I apologize in advance that this letter may be almost as disjointed as the decisions coming out of Oak Harbor City Council on the issue of the waste water treatment plant, but I will try to be as clear as possible.

Editor,

I apologize in advance that this letter may be almost as disjointed as the decisions coming out of Oak Harbor City Council on the issue of the waste water treatment plant, but I will try to be as clear as possible.

I will start by addressing remarks made by Chris Skinner during the citizen’s comments time at the April 5 council meeting. He accused those of us who are questioning the decisions being made concerning the project as people being motivated by someone else. “So for someone motivating people in town to come here and question the decision based on the assumption that this is going to be an eyesore is a mistake.”

We are quite capable of using our minds and thoughts and ideas, and I for one resent the idea that we are thought of as somebody’s puppet. What is motivating us, sir, is a concern for what these plans will be doing to what is arguably our city’s best tourist attraction. What is motivating us are the expanding costs. What is motivating us are future plans for things like street expansion, e.g., Bayshore Drive, and the effect the location of the WWTP will have on those plans. And, sir, for the record, some of us would have loved to have given our input five years ago, but we did not live here five years ago, or four years ago or three years ago. But we do live here now, and we will be heard.

We have been told by members of City Council that the exact design of the facility has not yet been decided and that we will have ample opportunity to make inputs into the form the building will take.
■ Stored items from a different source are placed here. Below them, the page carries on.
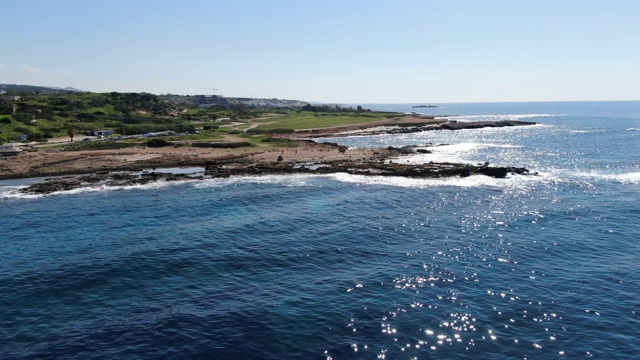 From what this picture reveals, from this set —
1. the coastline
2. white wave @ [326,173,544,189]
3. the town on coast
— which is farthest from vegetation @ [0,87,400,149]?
white wave @ [326,173,544,189]

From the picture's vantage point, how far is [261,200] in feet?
159

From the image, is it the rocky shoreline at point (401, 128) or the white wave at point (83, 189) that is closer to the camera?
the white wave at point (83, 189)

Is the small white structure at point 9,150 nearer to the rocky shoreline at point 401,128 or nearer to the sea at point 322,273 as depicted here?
the sea at point 322,273

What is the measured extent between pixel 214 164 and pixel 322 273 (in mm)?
46909

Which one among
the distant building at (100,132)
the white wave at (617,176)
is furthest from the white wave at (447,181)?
the distant building at (100,132)

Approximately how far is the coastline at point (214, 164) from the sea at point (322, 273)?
770 centimetres

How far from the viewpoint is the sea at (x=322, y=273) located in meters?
20.3

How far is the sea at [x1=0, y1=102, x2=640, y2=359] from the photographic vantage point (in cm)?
2030

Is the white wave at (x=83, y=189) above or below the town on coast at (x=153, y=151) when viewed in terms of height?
below

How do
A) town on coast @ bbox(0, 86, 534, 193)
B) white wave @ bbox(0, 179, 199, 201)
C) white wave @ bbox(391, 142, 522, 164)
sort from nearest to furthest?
white wave @ bbox(0, 179, 199, 201)
town on coast @ bbox(0, 86, 534, 193)
white wave @ bbox(391, 142, 522, 164)

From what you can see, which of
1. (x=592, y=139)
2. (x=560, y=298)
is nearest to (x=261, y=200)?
(x=560, y=298)

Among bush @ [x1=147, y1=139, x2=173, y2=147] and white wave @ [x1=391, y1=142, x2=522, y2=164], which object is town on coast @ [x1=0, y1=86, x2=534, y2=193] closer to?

However, it is my understanding that there is a design charrette (an intensive design and planning meeting) scheduled for May 6.

This meeting is open to the public; however, the only persons who may actively take part in the design charrette are those who have been invited to do so. At the conclusion of the meeting, there will be a vote to select one of the plans. It will be submitted to the City Council for a vote on June 16. So where exactly do we the citizens get to input any ideas we might have?

It is my understanding that the “final design” will be complete by the end of the year.

However, groundbreaking for “early sitework construction” is to take place in May when the design is 60 percent complete. Maybe I am missing something that is common practice, but until that is explained, I feel that this is a rush that could be very expensive. I, for one, would not start construction on a home if the design were only 60 percent complete.

It is my understanding that this facility is expected to last 50 or more years. In light of that, there is a saying: “When you are up to your neck in alligators, it is hard to remember that your original intent was simply to drain the swamp.”

I urge the City Council and the Oak Harbor community to carefully consider the decisions they are making because, unfortunately, if we make the wrong one, it will be our children and our children’s children who will be dealing with the alligators. Yes, it might cost more to delay, but isn’t it more important to get it right for future generations?

I am not trying to be difficult or cause problems; I am trying to understand the reasoning behind the choices that have been and are being made and to suggest some possible alternatives.